The CMA is investigating the price of infant formula milk. Image: Getty, Dragana991
The CMA is investigating the price of infant formula milk. Image: Getty, Dragana991

Related tags Food inflation

The Competition and Markets Authority (CMA) has launched an investigation into infant formula milk over price concerns in the face of the cost-of-living crisis.

It follows the publication of its groceries sector review in November last year, which questioned whether ineffective competition in the baby formula market could be leading to parents paying higher prices.

The CMA will now use it compulsory information gathering powers to collect additional evidence on the role of the regulatory framework and its enforcement in influencing market outcomes; the supply-side features of the market; and consumer behaviour, the drivers of choice and the information and advice available to consumers to support their decisions.

Considered actions

Following this, the CMA will consider whether there are problems in the market and – if so – what actions could or should be taken to address them. Actions could range from making recommendations to government on the regulations governing how infant formula is marketed to how information is provided to parents to help them choose an infant formula brand.

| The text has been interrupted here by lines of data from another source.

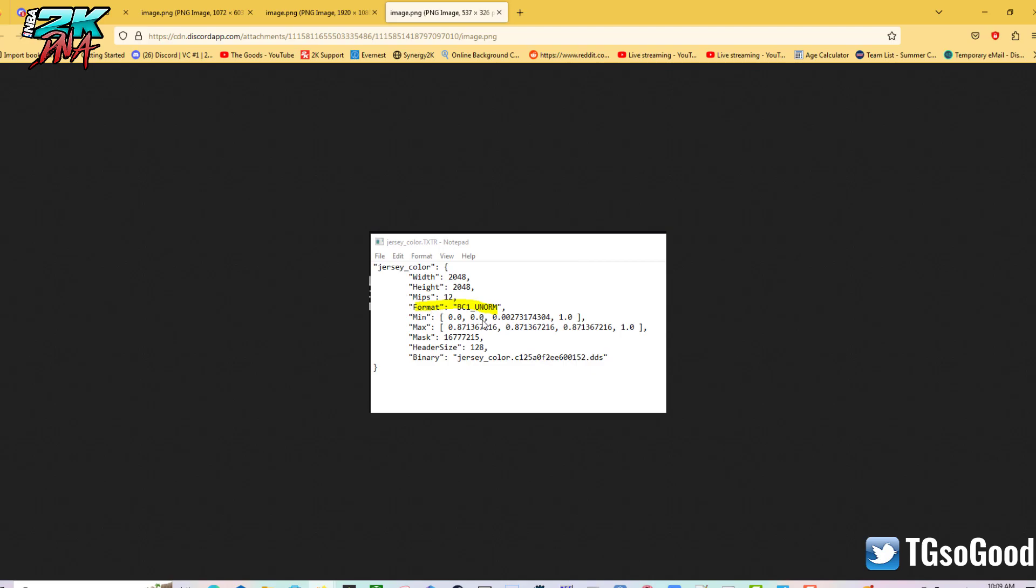He sent me over the jerseys and what we found was he basically tried to copy the same format as the original files, but 2K saves their files in a certain way where it doesn't crash. But if we try to replicate that with the tools we have available, open and free without knowing the tools 2K actually uses, it crashes the game.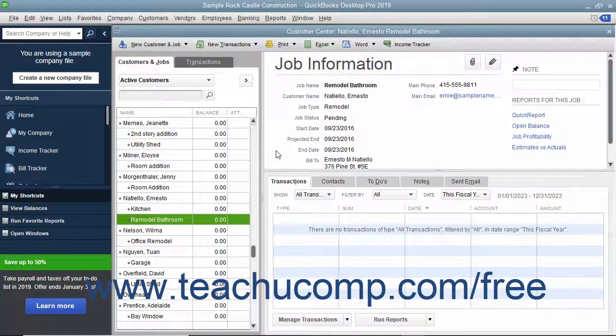An estimate is a preliminary sales proposal that is often created for a customer's job. You can create multiple estimates for each customer or each job.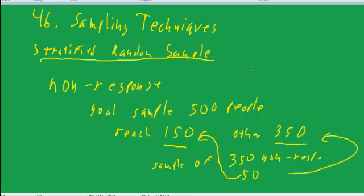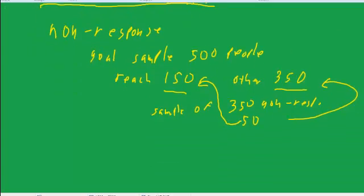Somebody came up with a clever idea for internet polling, which was to sign up lots and lots of people to be willing to take an internet poll and then pick a random sample out of that.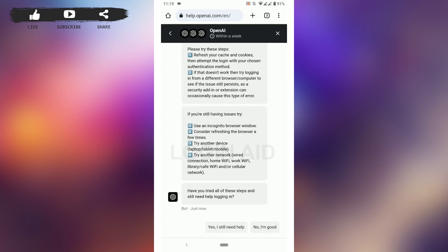So these are the few ways how you can fix the access denied issue on ChatGPT. Hope this video was useful. Please like and subscribe the Login Aid channel. Thank you for watching till the very end.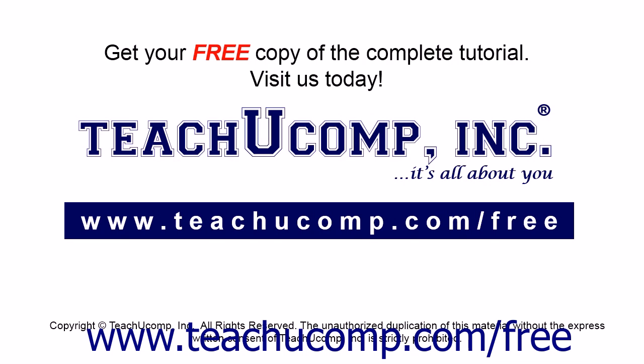Get your free copy of the complete tutorial at www.teachucomp.com forward slash free.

The CMA intends to conduct the market study ‘as swiftly as possible’ with the intent of publishing a final report in September 2024. Any recommendations to government resulting from the work will now also have a formal status.

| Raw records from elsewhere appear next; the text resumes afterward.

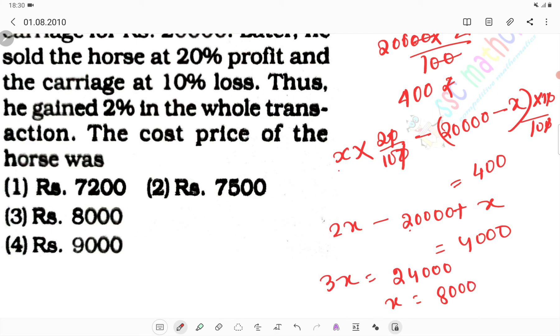8,000. So the cost price of the horse is Rs. 8,000. Thank you, stay tuned for the next class.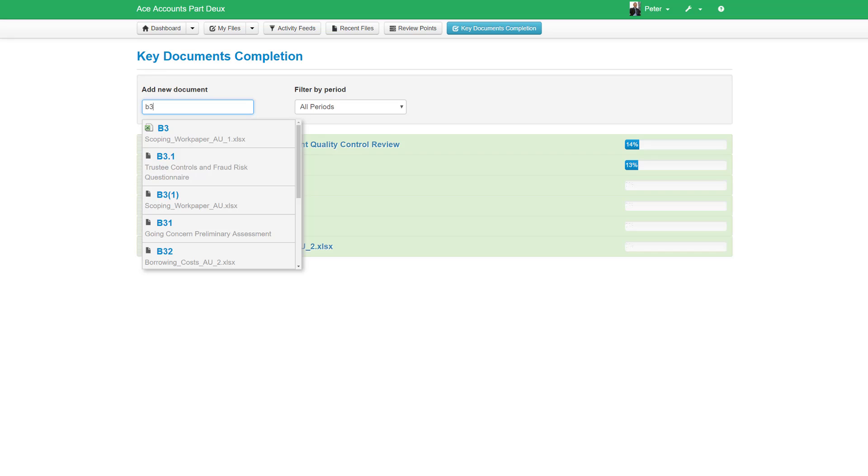MyWorkPapers allows you to select any work paper or document within your working paper index and add it to the key completion list by simply typing it into the key document window.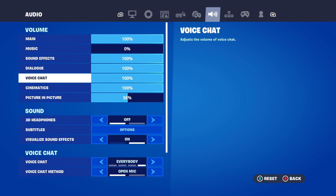Here you can adjust the voice chat volume and slide it — it's a little bit bigger and easier to see. Save the setting and apply, and you should be good to go.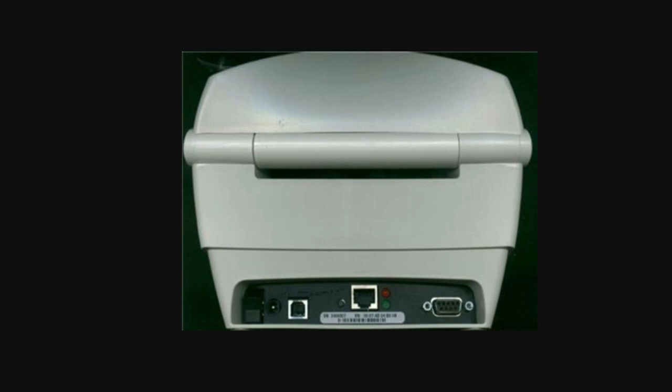You are then going to want to calibrate your printer if you haven't already calibrated it, which lets the printer know what kind of labels are loaded into it. In order to do that, the printer has to be off. You're going to hold the front button and then you're going to flip the switch to turn the printer on and then it's going to blink red.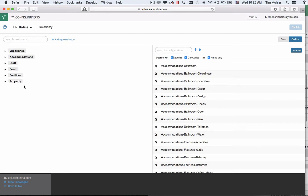The left pane here shows you the structure of your taxonomy while the right pane here shows the queries and categories currently available in your configuration. Since I'm in my hotel configuration based on our hotel industry pack, there are quite a few queries here on my right hand side.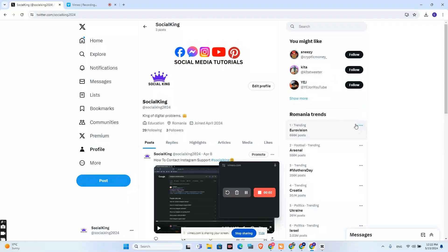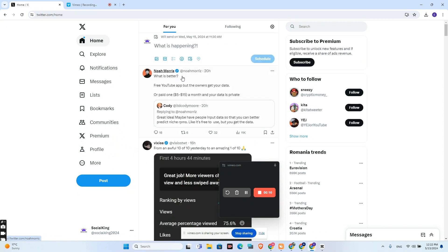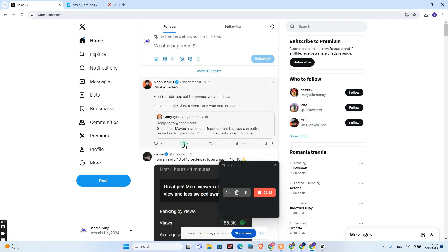How to retweet on X on PC. I'm on my profile, so I will need to go to my home page. Let's say that I want to retweet or repost this post from this guy — I will click on these arrows here.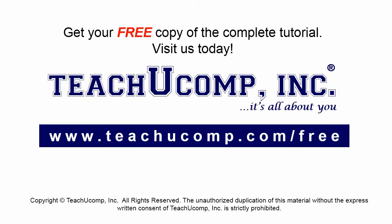Get your free copy of the complete tutorial at www.teachucomp.com/free.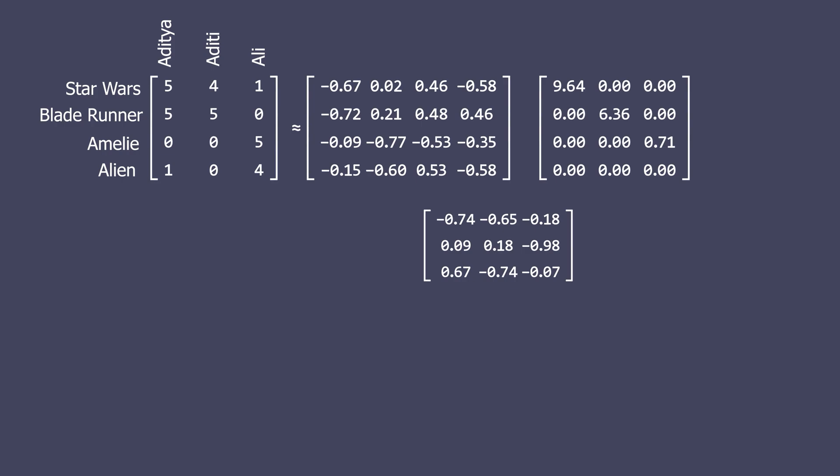For the two science fiction movies, the first left singular vector has large absolute values and a large first singular value. Notice the red block. As a result, this associates a specific type of user with a specific set of movies. In this case, science fiction. Similarly, Aditya and Aditi who give high ratings to science fiction movies have large absolute values in the first right singular vector. Notice the green block. This implies that the first row in V represents the concept of a science fiction fan. Similarly, row 2 in U seems to capture a romantic movie theme and the second row in V indicates that Ali is close to an idealized fan of such movies.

Sarah Cardell, chief executive of the CMA, said: “Whilst it’s a positive sign that prices of some products have fallen since our update last November, the cost of infant milk remains at historically high levels.

Lack of information

“We’re concerned that parents don’t always have the right information to make informed choices and that suppliers may not have strong incentives to offer infant formula at competitive prices.

“We are determined to ensure this market is working well for the many new parents who depend on infant formula and it’s essential that any changes we propose are based on evidence and a strong understanding of the market. That’s why we’ve now decided to take forward our work on infant formula as a market study, using our formal legal powers.”

Meanwhile, last year, the CMA announced that it would investigate “green”​ claims​ made by consumer goods group Unilever.